Sun Jul 26, 2009 at 7:50 AM EDT

With New York available as of yesterday, I took no time to do a map losing one district. My findings are that they're probably going to have to axe one of the upstate districts, and I chose NY-23.

Click here for full-size.

NY-01 through NY-17 - These districts didn't change much, if any.
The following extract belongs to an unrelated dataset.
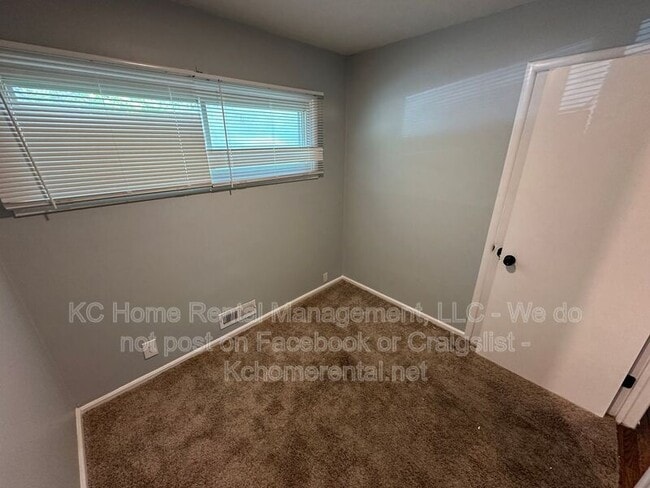 Building Photo - 10809 Ewing Ave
All safe D, except for NY-01, which leans D, NY-03, which leans R, and NY-13, which is a swing district.
NY-18 (purple, Westchester-based district; Nita Lowey - D) - Picks up Republican Putnam County, which should be balanced out by Westchester.
NY-19 (ugly green Dutchess/Orange district; John Hall - D) - Loses Putnam and is basically all of Orange and Dutchess now, making it slightly more Democratic.
NY-20 (brown, Scott Murphy - D) - Chopped off the southern part of the district and added parts of NY-23. A couple points more Democratic now.
NY-21 (pink, Albany-based district; Paul Tonko - D) - Slightly more Republican due to some Republican parts of NY-23 added, but still safe D.
NY-22 (dark red, Maurice Hinchey - D) - Lost quite a bit of Dem territory, but still Dem-leaning.
NY-23 (pink, backwards-C shaped district, Eric Massa - D, formerly NY-29) - Cut out a lot of the Republican parts and added Tompkins, Seneca, and more of Monroe. Probably won by Obama now.
NY-24 (dark purple, Mike Arcuri - D) - Still a 50-50 district. If Scozzafava wins in NY-23, she'll be in this district, so Arcuri's going to have to learn how to campaign better.
NY-25 (pale green in the middle of the state, Dan Maffei - D) - Picked up Cortland and part of Chenango. Probably a little more R now, but still leans D.
NY-26 (grey, Chris Lee - R) - Safe R district! Pretty much every Republican county in Western NY.
NY-27 (dark pink, Erie-based; Brian Higgins - D) - Didn't change much.
NY-28 (green, Niagra/Orleans/Monroe/Erie district, Louise Slaughter - D) - Nor this one.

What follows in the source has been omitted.